- **Exercise materials**:
▬▬▬▬▬▬▬▬▬▬

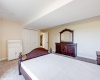 Meyer, Pullman, Washington 99163, 6 Bedrooms Bedrooms, ,4 BathroomsBathrooms,Site Built-owned Lot,For Sale,Meyer,284829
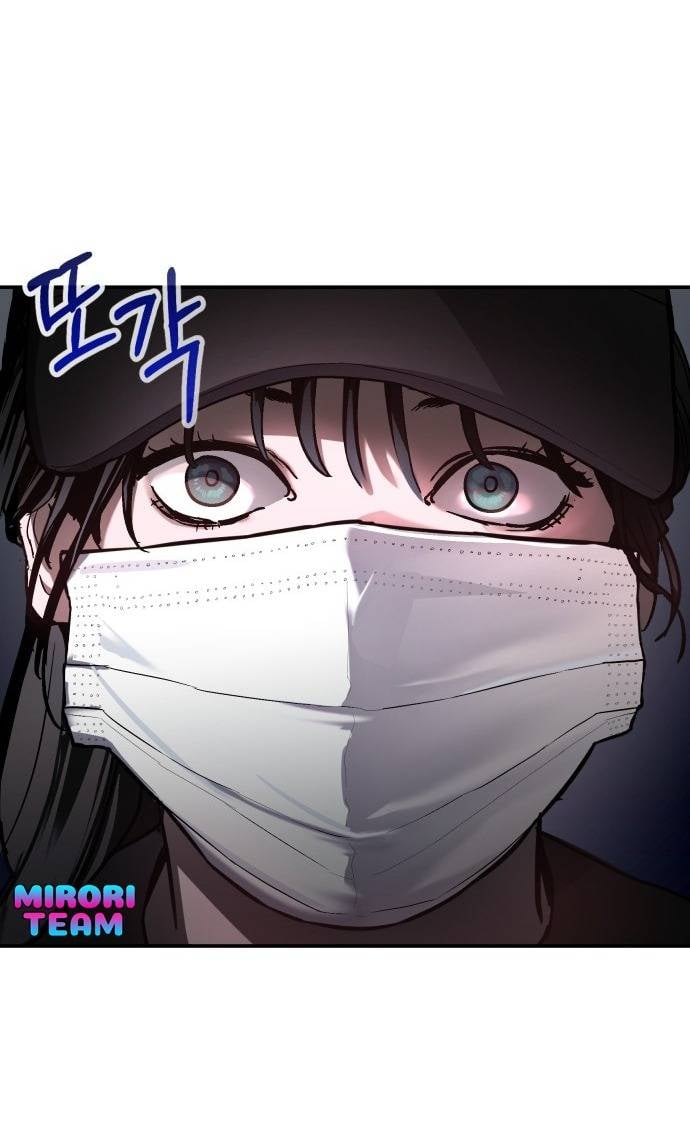 Chương 26 - Trang 85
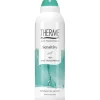 Therme Sensitive 48H Antitranspirant Spray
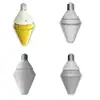 150lm/w bulb E40 Corn Light Lamp CE ROHS listed led 40w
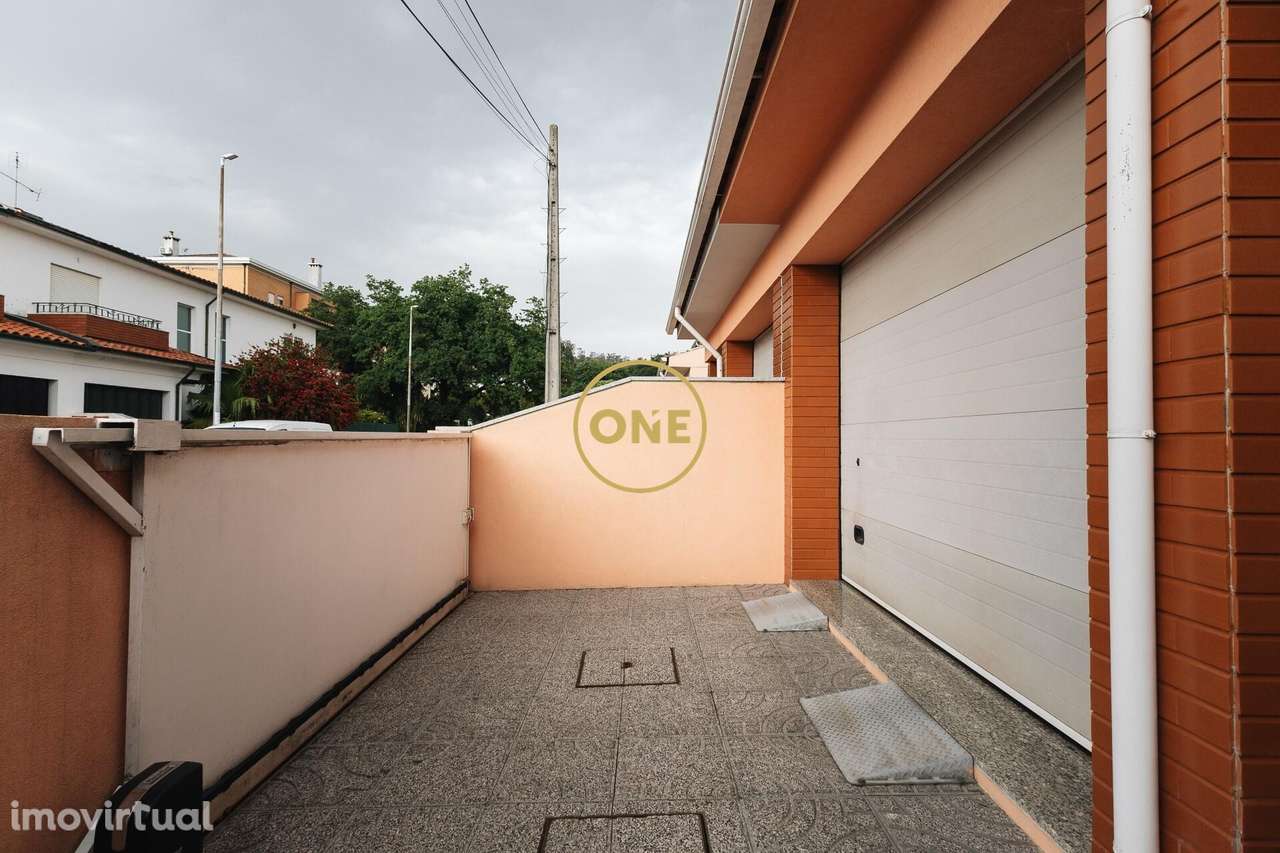 Moradia T3 em Requião - Grande imagem: 3/37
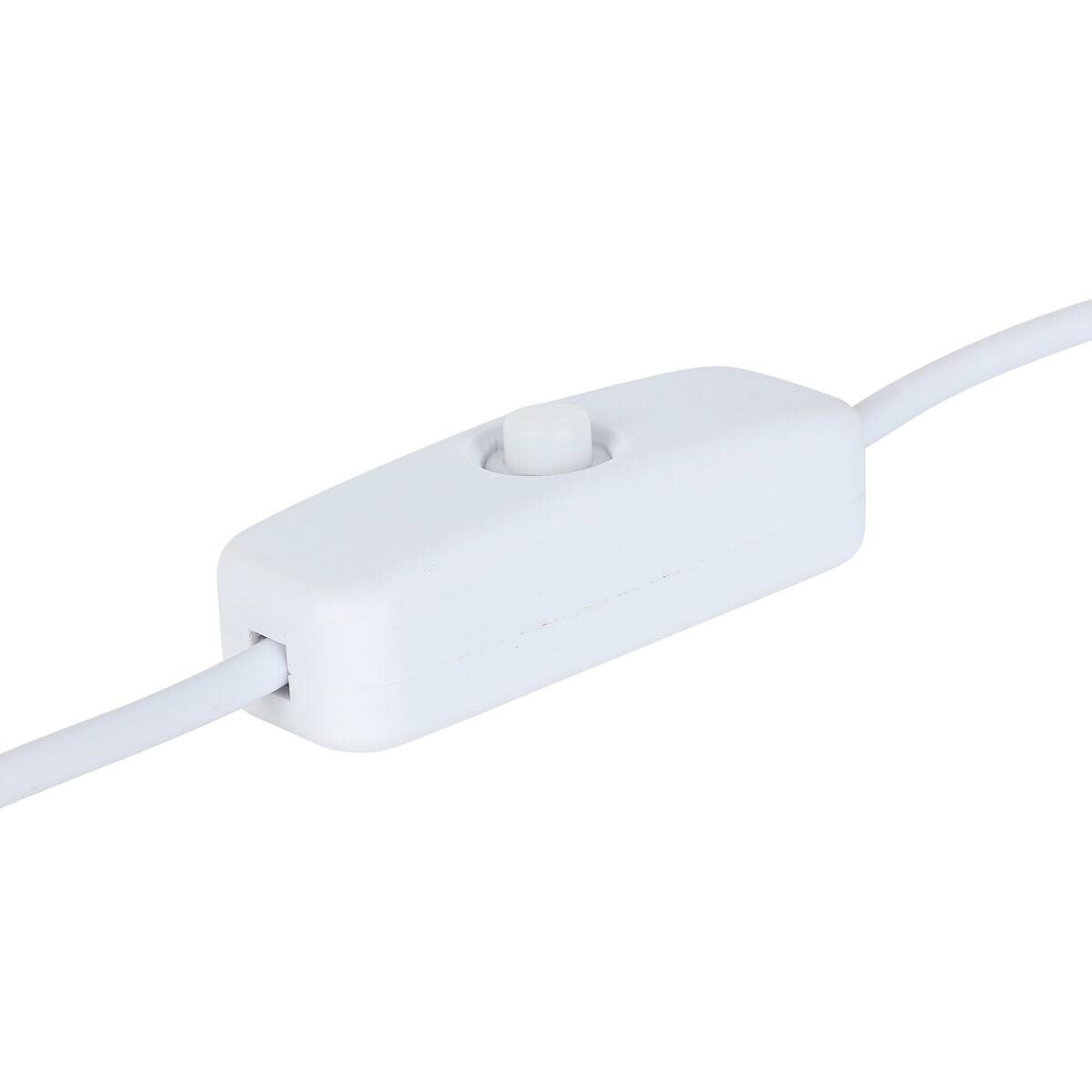 Nolo LED-Tischleuchte Flash3 B/H/T: ca. 16,5x20,5x8,5 cm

▬▬▬▬▬▬▬▬▬▬

- **Assigned task**: All lines from the one holding "Moradia T3 em Requião - Grande imagem: 3/37" through the last line of the records need to be copied exactly, both ends included, and the pictures left behind.

- **Solution**:
 Moradia T3 em Requião - Grande imagem: 3/37
 Nolo LED-Tischleuchte Flash3 B/H/T: ca. 16,5x20,5x8,5 cm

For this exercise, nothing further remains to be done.